Cas classiques de « schizophrénie morale »

Un des thèmes centraux de mon travail de la dernière décennie ou presque a été l’exploration de notre confusion cognitive – notre « schizophrénie morale » – à propos des animaux nonhumains. Récemment, j’ai commenté l’événement où la comédienne Ellen Degeneres sanglotait pendant son émission de télévision à propos du chien qu’elle avait adopté puis donné alors que, au même moment, elle faisait la promotion de ses menus du midi construits autour de produits animaux sur son site web. Le joueur de basketball Michael Vick a été blâmé pour son implication dans des combats de coqs par un public qui pense qu’il n’y a rien de mal à manger des nonhumains qui ont été tout autant torturés que les chiens de Vick.

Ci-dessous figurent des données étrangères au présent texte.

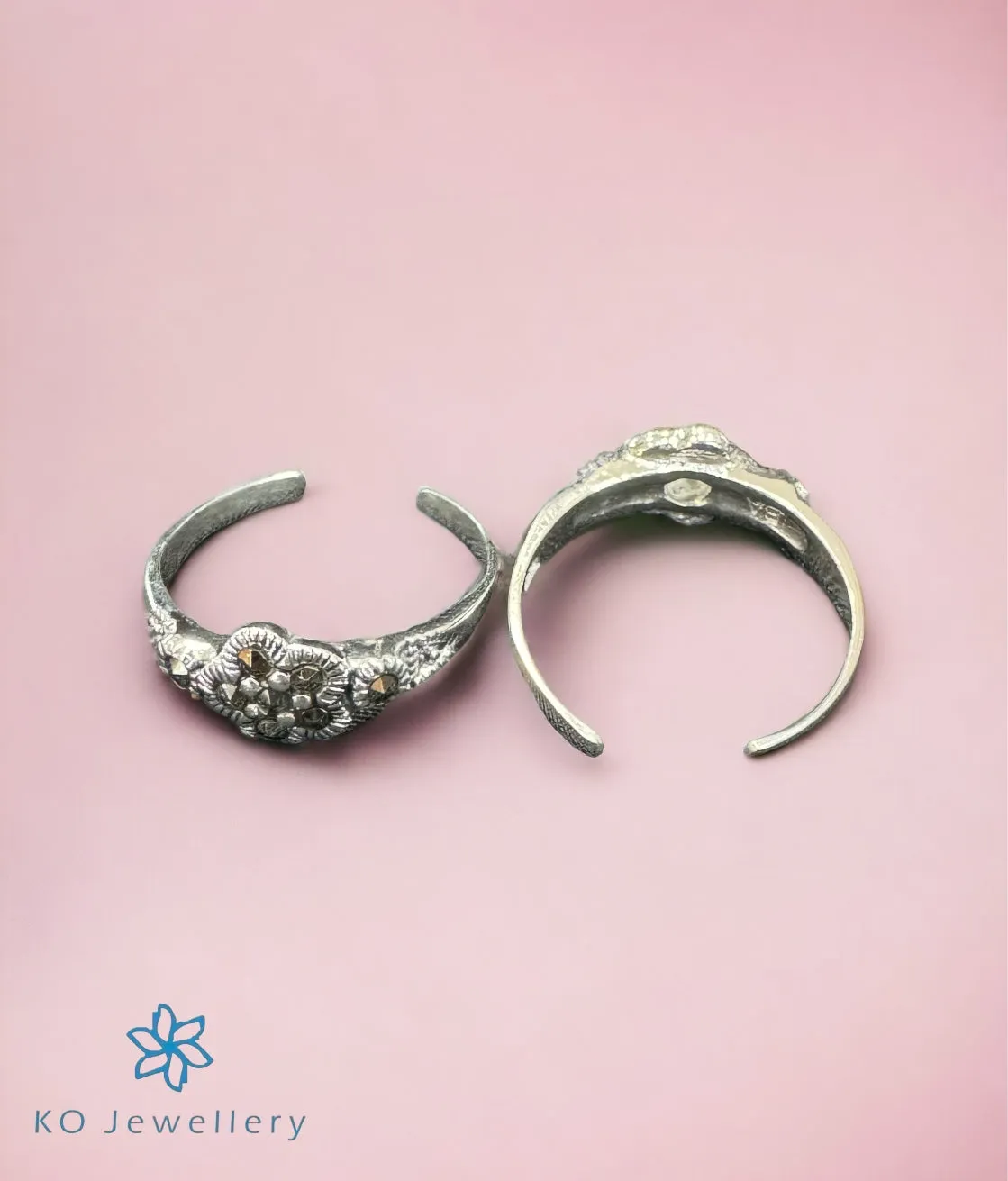 The  Lance Silver Marcasite Toe-Rings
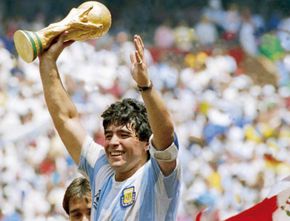 Kenang Diego Maradona, Napoli Usul Ganti Nama Stadion Jadi San Paolo-Maradona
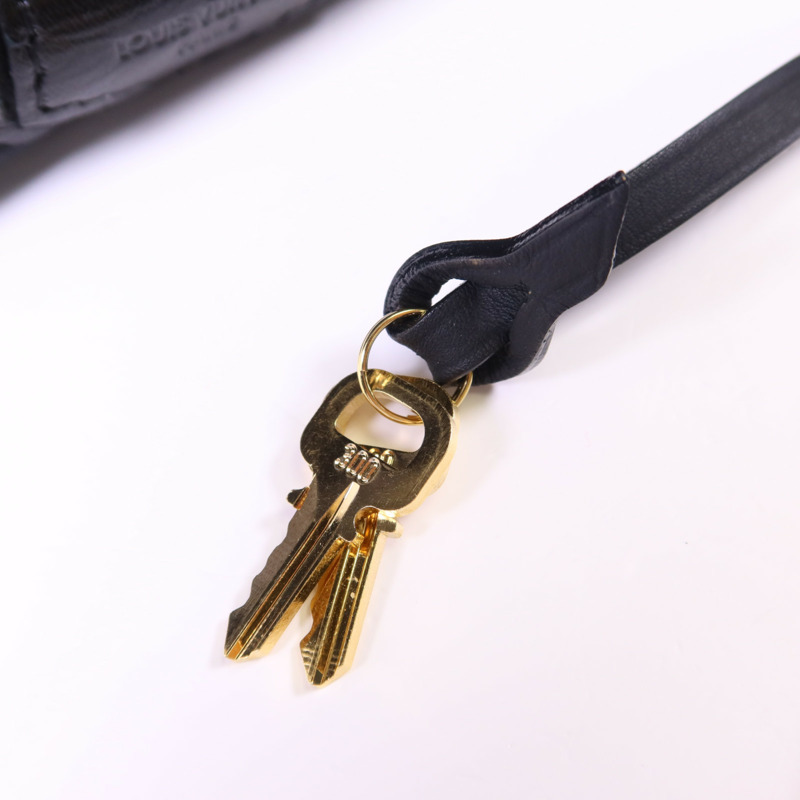 LOUIS VUITTON 牛皮皮革Cuir Obsession Lockit金扣肩背袋-11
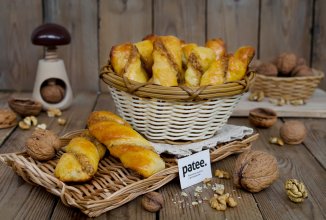 Вертуны из творожного теста с ореховой начинкой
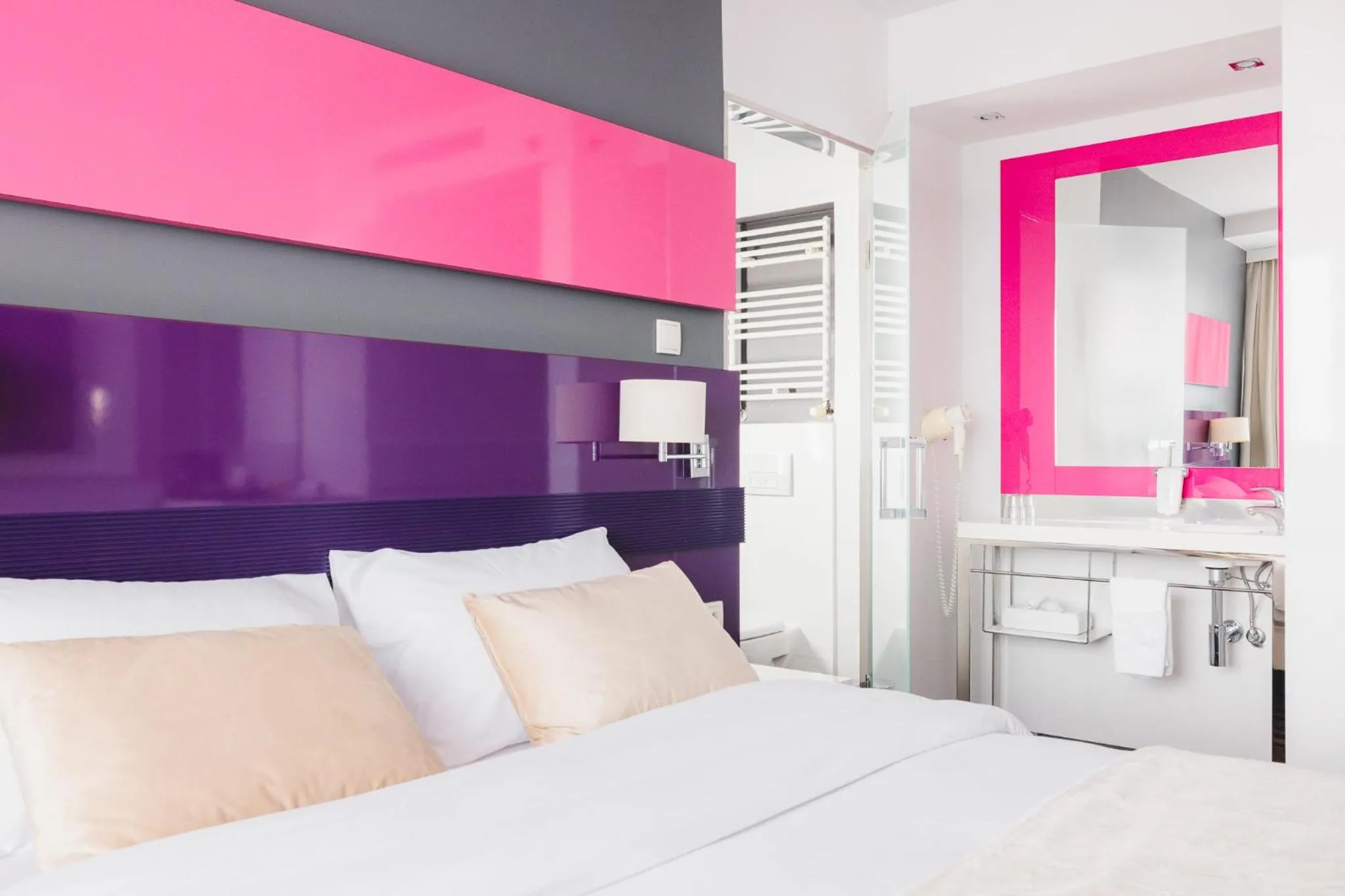 Bathroom, Bed in METROPOL Hotel Katowice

Plusieurs d’entre nous partageons notre foyer avec des nonhumains que nous aimons et percevons comme des membres de la famille tout en continuant, en même temps, à manger d’autres nonhumains qui ne sont aucunement différents, au plan moral, de ceux que nous aimons et que nous considérons comme des personnes.

Un exemple absolument étonnant de notre « schizophrénie morale » était rapporté vendredi, le 26 octobre, à la BBC. Un cerf blanc, d’à peu près 9 ans, a été tué par des braconniers à la frontière entre Devon et Cornwall.

La réaction : l’assassinat du cerf était « dégoûtant ».

Et qui était dégoûté?

Les « fermiers et gardes-chasse qui ont fermé les yeux sur la localisation du cerf pendant des années afin de le protéger ».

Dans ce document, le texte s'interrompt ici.